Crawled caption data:
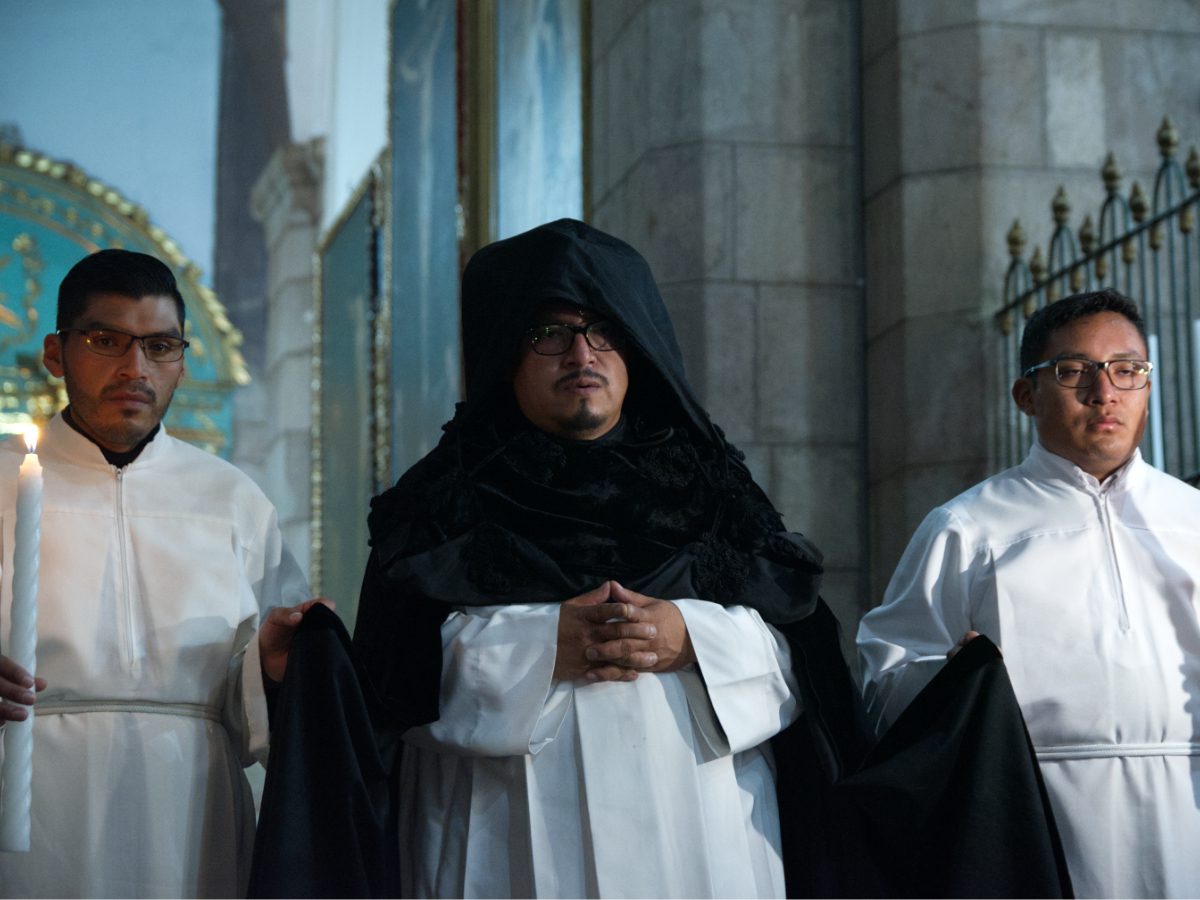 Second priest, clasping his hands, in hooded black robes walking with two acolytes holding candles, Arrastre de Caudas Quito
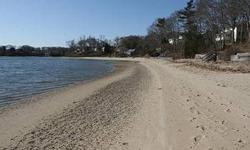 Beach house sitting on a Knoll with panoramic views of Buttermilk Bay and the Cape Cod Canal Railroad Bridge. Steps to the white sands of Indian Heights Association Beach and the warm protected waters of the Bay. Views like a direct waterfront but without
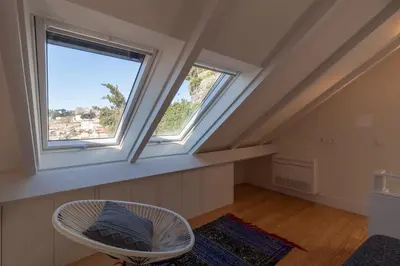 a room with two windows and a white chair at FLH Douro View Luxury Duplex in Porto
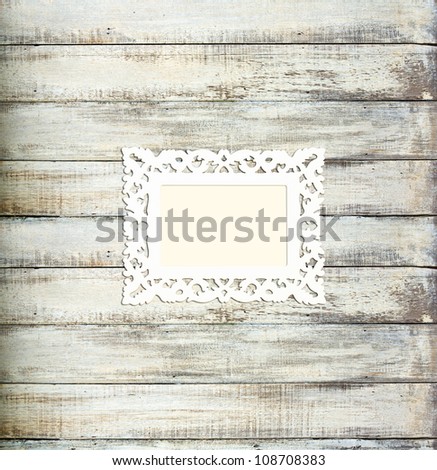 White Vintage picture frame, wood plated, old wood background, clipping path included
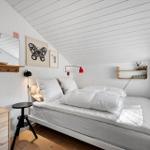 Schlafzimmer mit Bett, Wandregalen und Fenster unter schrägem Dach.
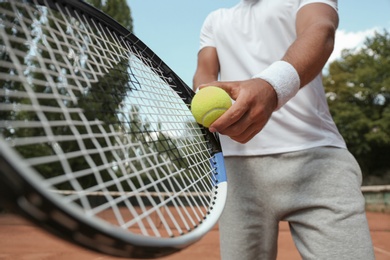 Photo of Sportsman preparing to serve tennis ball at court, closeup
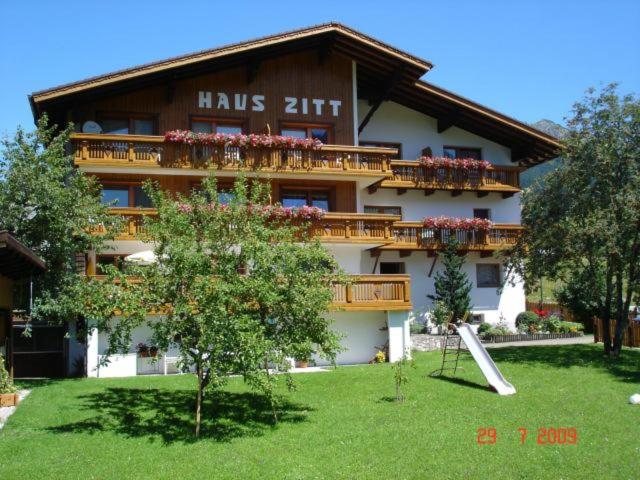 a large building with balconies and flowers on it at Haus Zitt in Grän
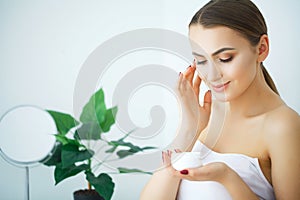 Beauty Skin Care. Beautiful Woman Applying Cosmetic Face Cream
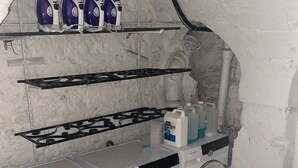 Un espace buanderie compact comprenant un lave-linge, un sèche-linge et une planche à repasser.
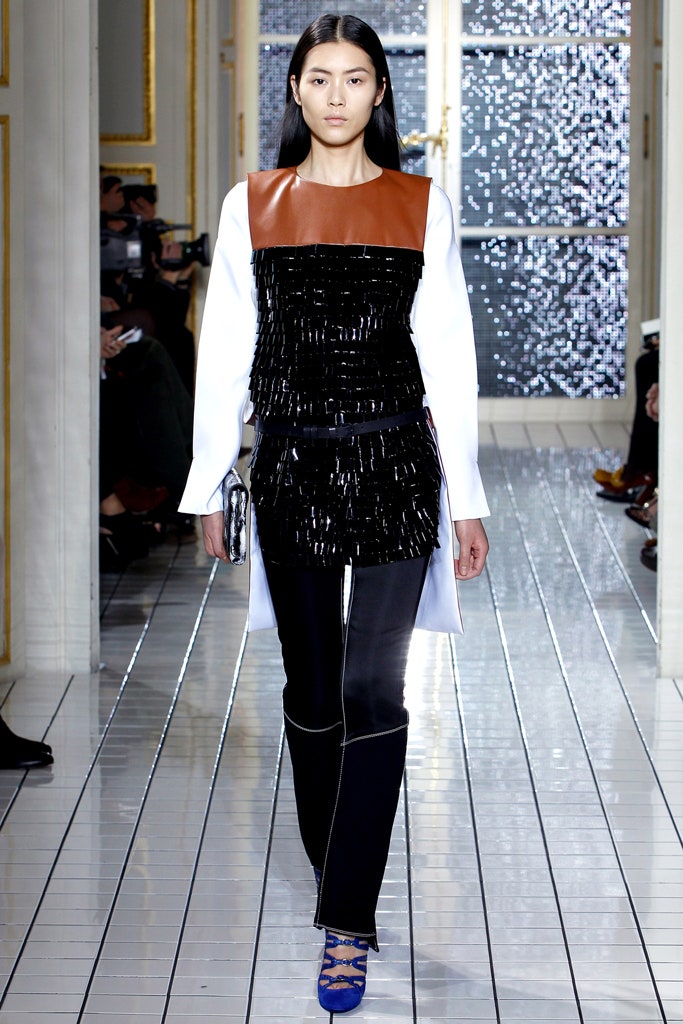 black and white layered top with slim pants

What you are asked to do>
Make an exact copy of the lines above, beginning with the line with "White Vintage picture" and ending with the line with "Photo of Sportsman", and keep the pictures out of it.

Result of this exercise>
 White Vintage picture frame, wood plated, old wood background, clipping path included
 Schlafzimmer mit Bett, Wandregalen und Fenster unter schrägem Dach.
 Photo of Sportsman preparing to serve tennis ball at court, closeup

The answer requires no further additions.